==== Supplied information

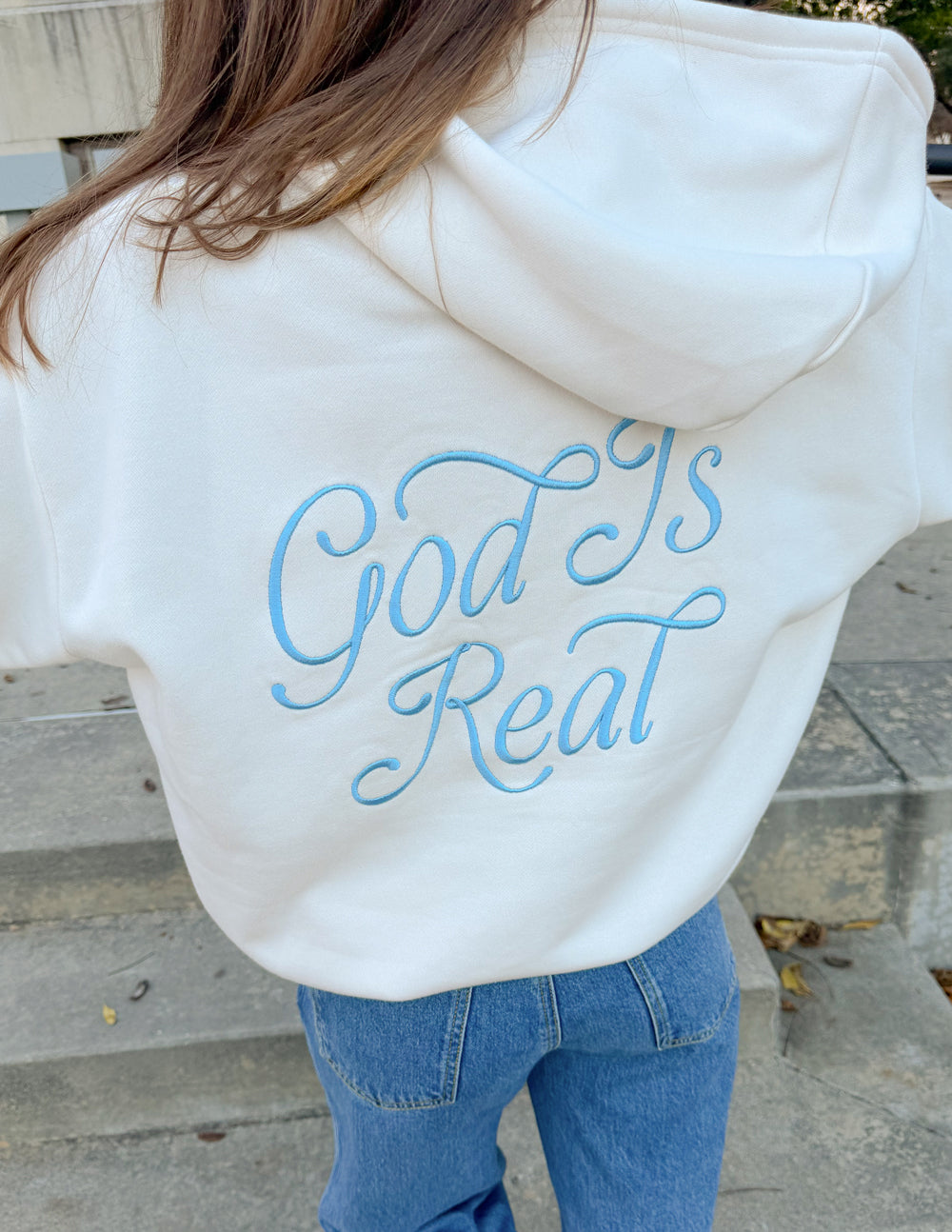 God Is Real Unisex Cotton Hoodie - Relaxed Fit Streetwear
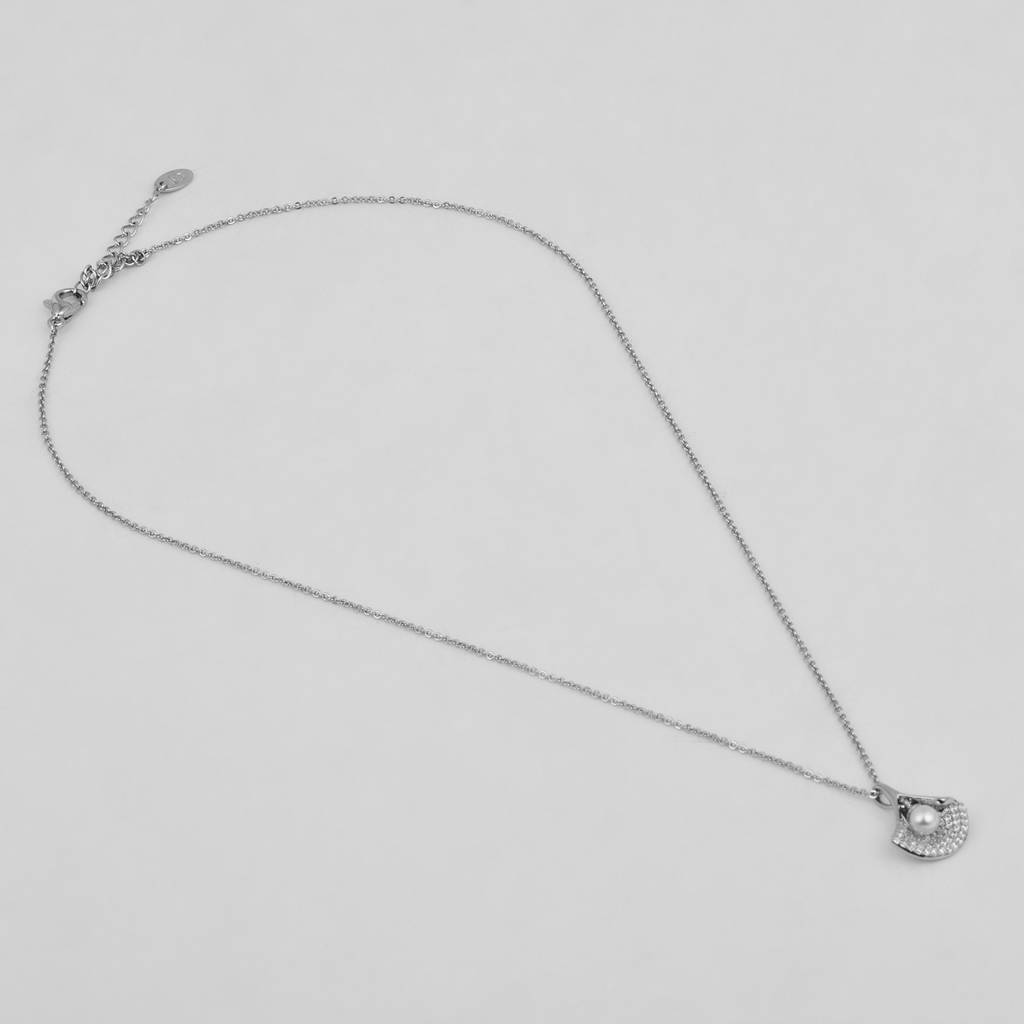 Ad Stone & Pearl Pendant Necklace : WNK94LBSLV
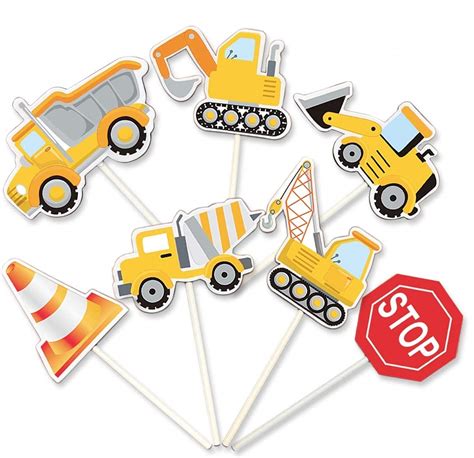 Buy Pack Construction Cupcake Toppers Picks Dump Truck Excavator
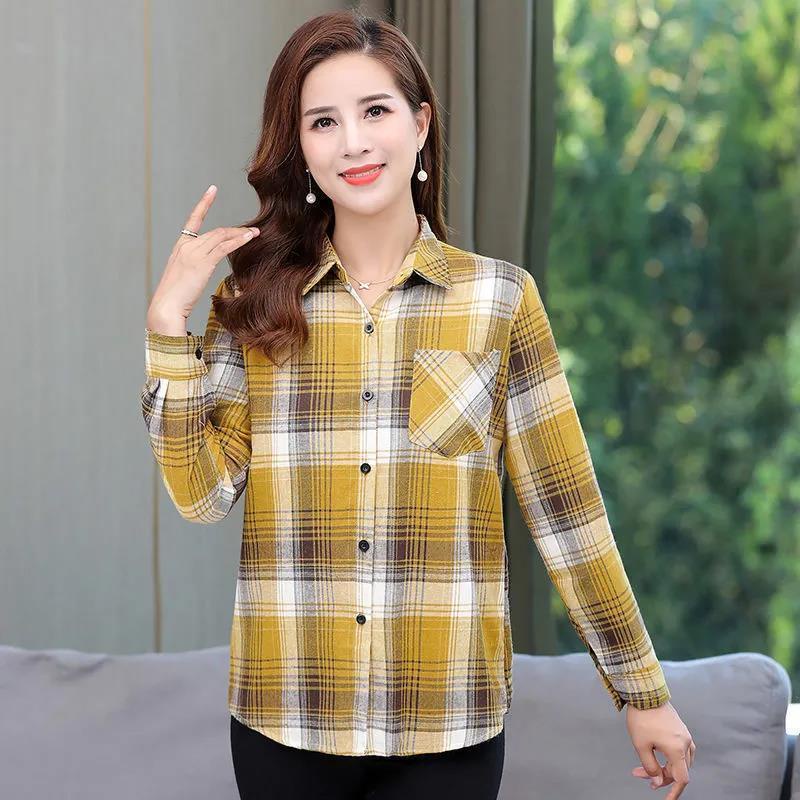 Áo Sơ Mi Cotton Tay Dài Kẻ Sọc Caro Thời Trang Cho Phụ Nữ Trung Niên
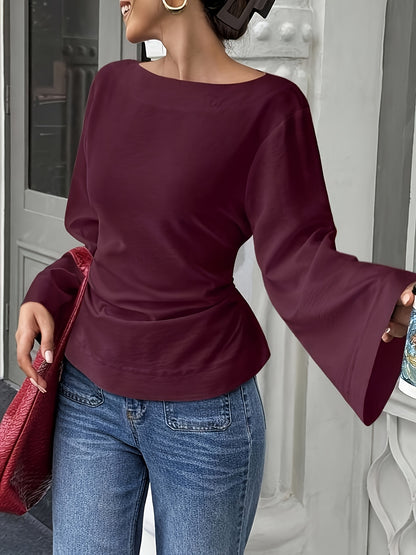 White Blouse for Women Back Tie Flared Sleeve Lightweight Shirt for Office Dinner Summer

========

== Exercise objective ==
Give back exactly the lines from the one that contains "Áo Sơ Mi Cotton" to the final line of the data above, both included, with all pictures removed.

== Your solution ==
 Áo Sơ Mi Cotton Tay Dài Kẻ Sọc Caro Thời Trang Cho Phụ Nữ Trung Niên
 White Blouse for Women Back Tie Flared Sleeve Lightweight Shirt for Office Dinner Summer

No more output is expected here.